Short web captions:

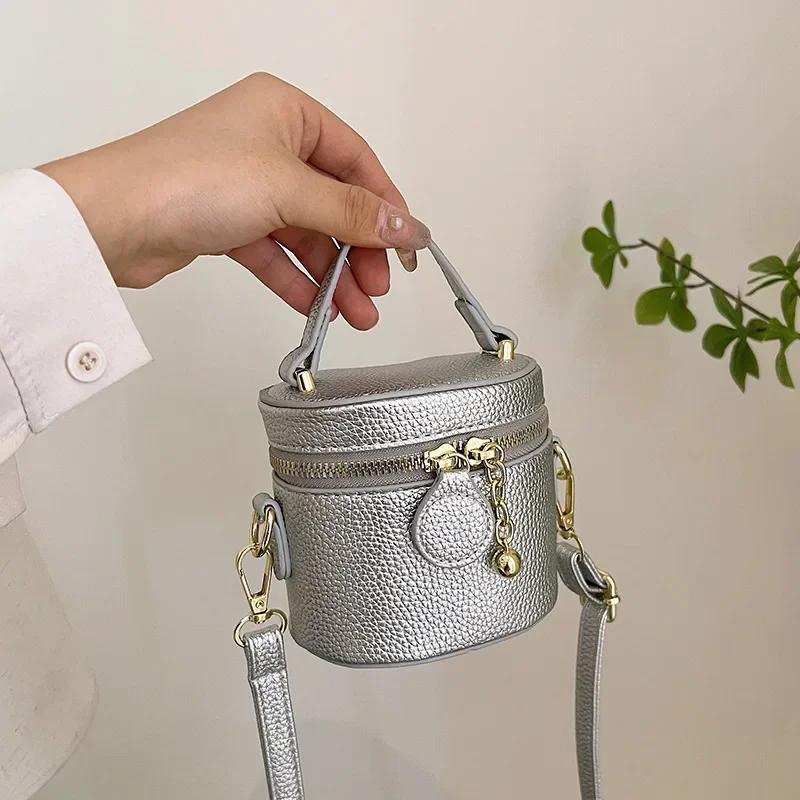 New fashion multicolor mini bucket bag portable summer Korean shoulder unique fashion lipstick crossbody bags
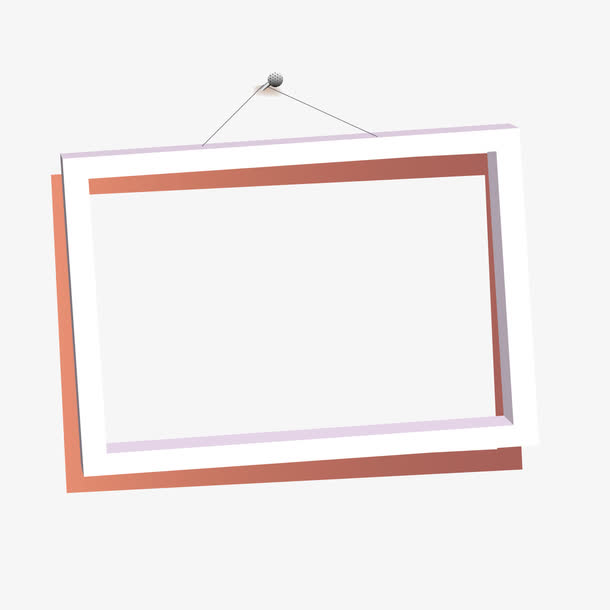 矢量卡通矩形悬挂相框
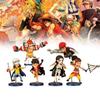 Detailed One Piece Character Figures 6-piece Set Luffy Robin Usopp Franky Kid Pvc Collectibles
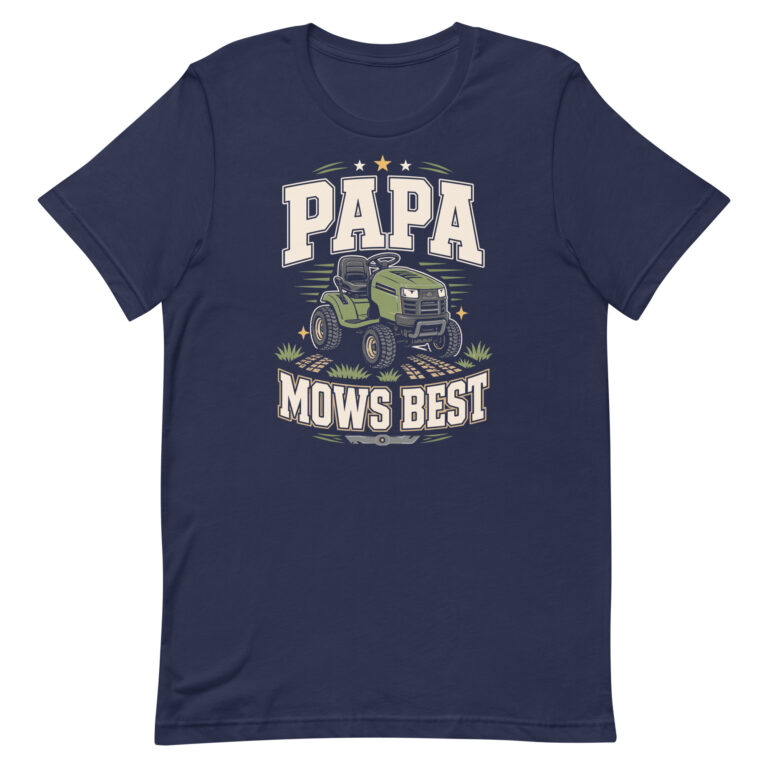 Papa Mows Best lawn mower T-shirt design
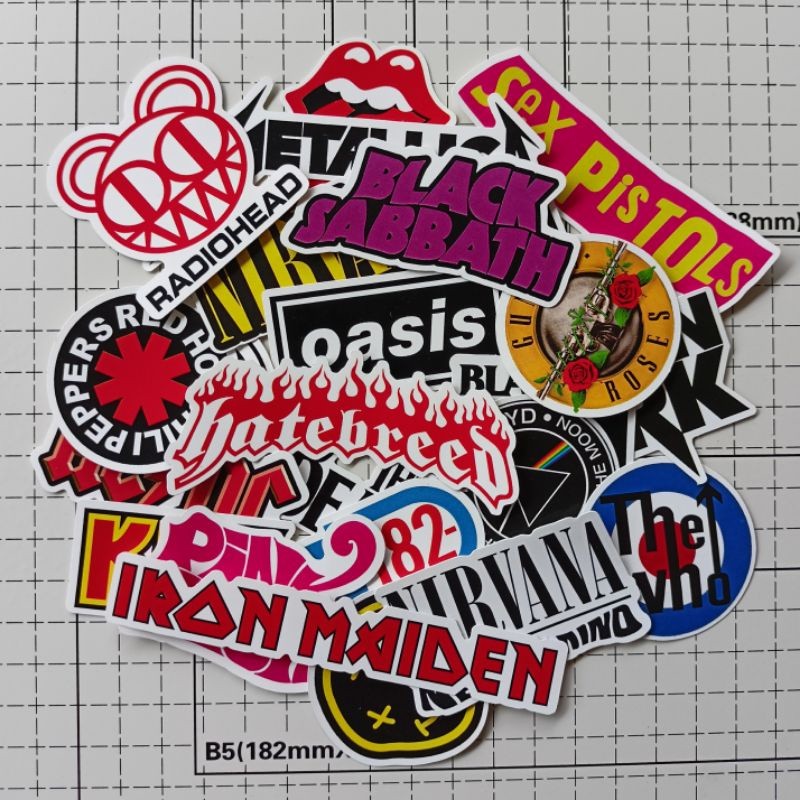 

Sticker Pack Band Logo by Gigglestickers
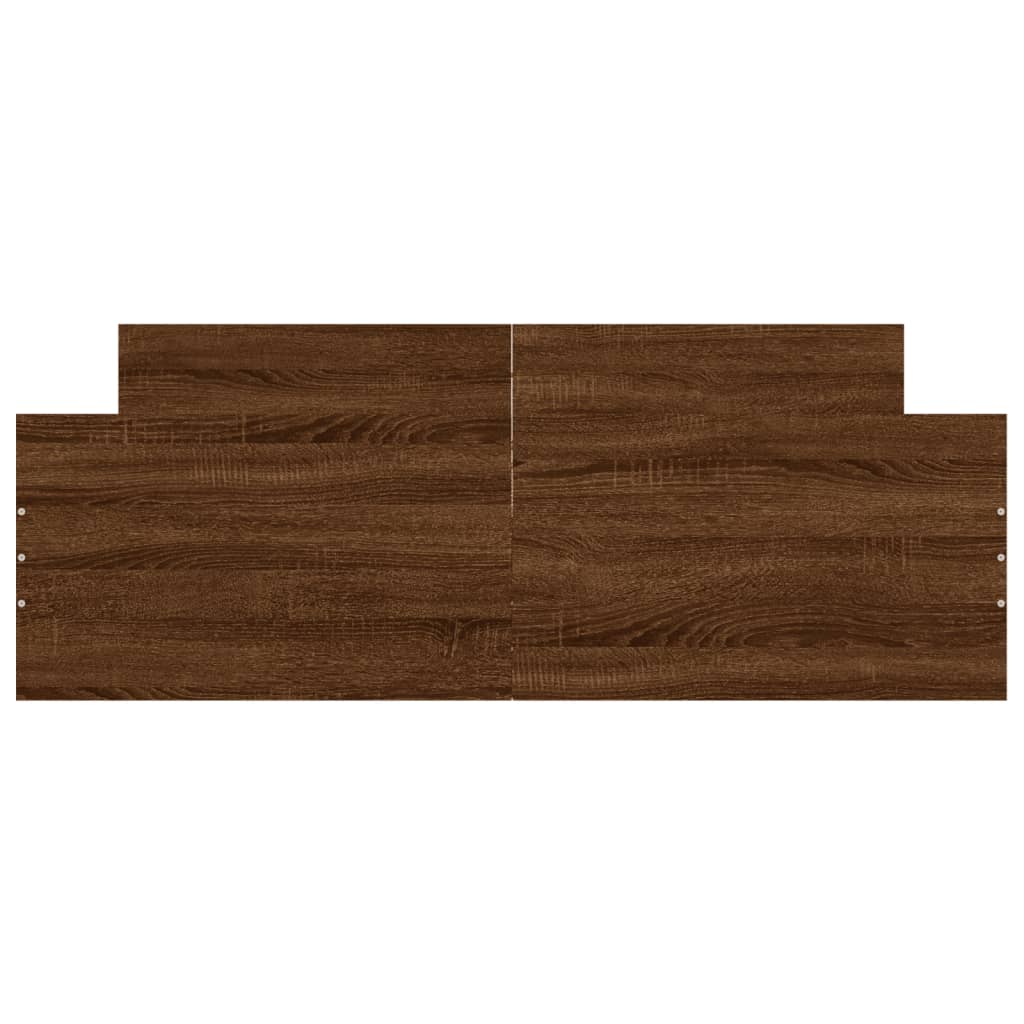 Bedframe Hoofd- En Voeteneinde Ig 135 x 190 cm bruin eikenkleur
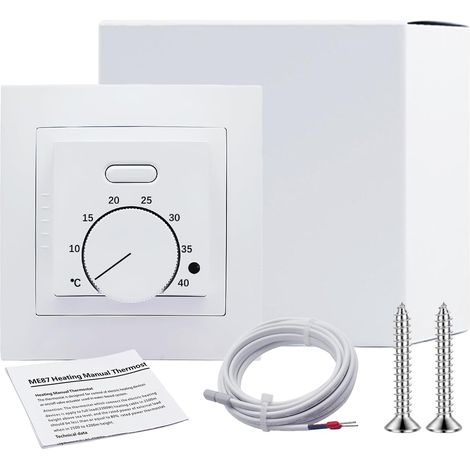 Mechanischer Thermostat, 3 M Außensonde, Regelbereich 5–40 °c, Abs-kunststoff, Für Hausheizung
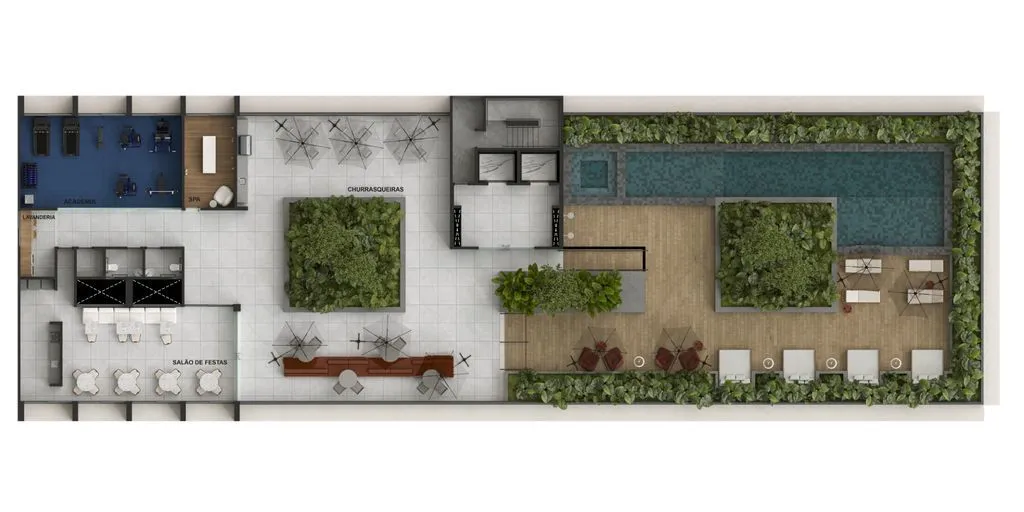 Imagem Flat à venda, 24 m² por R$ 349.038,33 - Cabo Branco - João Pessoa/PB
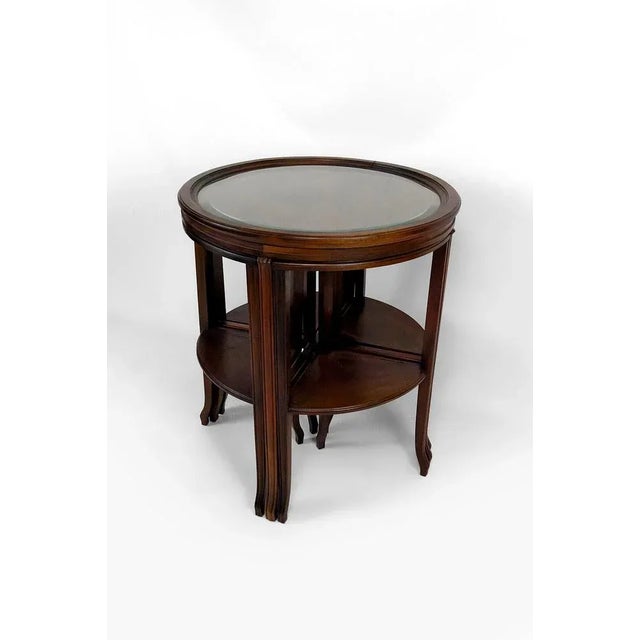 Vintage Art Nouveau Nesting Table by Louis Majorelle For Sale - Image 4 of 12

> _Description of the task_
The lines to retype run from the one containing "Papa Mows Best lawn mower T-shirt design" through the last line of the records above; write them exactly and skip the pictures.

> _The completed task_
 Papa Mows Best lawn mower T-shirt design

Sticker Pack Band Logo by Gigglestickers
 Bedframe Hoofd- En Voeteneinde Ig 135 x 190 cm bruin eikenkleur
 Mechanischer Thermostat, 3 M Außensonde, Regelbereich 5–40 °c, Abs-kunststoff, Für Hausheizung
 Imagem Flat à venda, 24 m² por R$ 349.038,33 - Cabo Branco - João Pessoa/PB
 Vintage Art Nouveau Nesting Table by Louis Majorelle For Sale - Image 4 of 12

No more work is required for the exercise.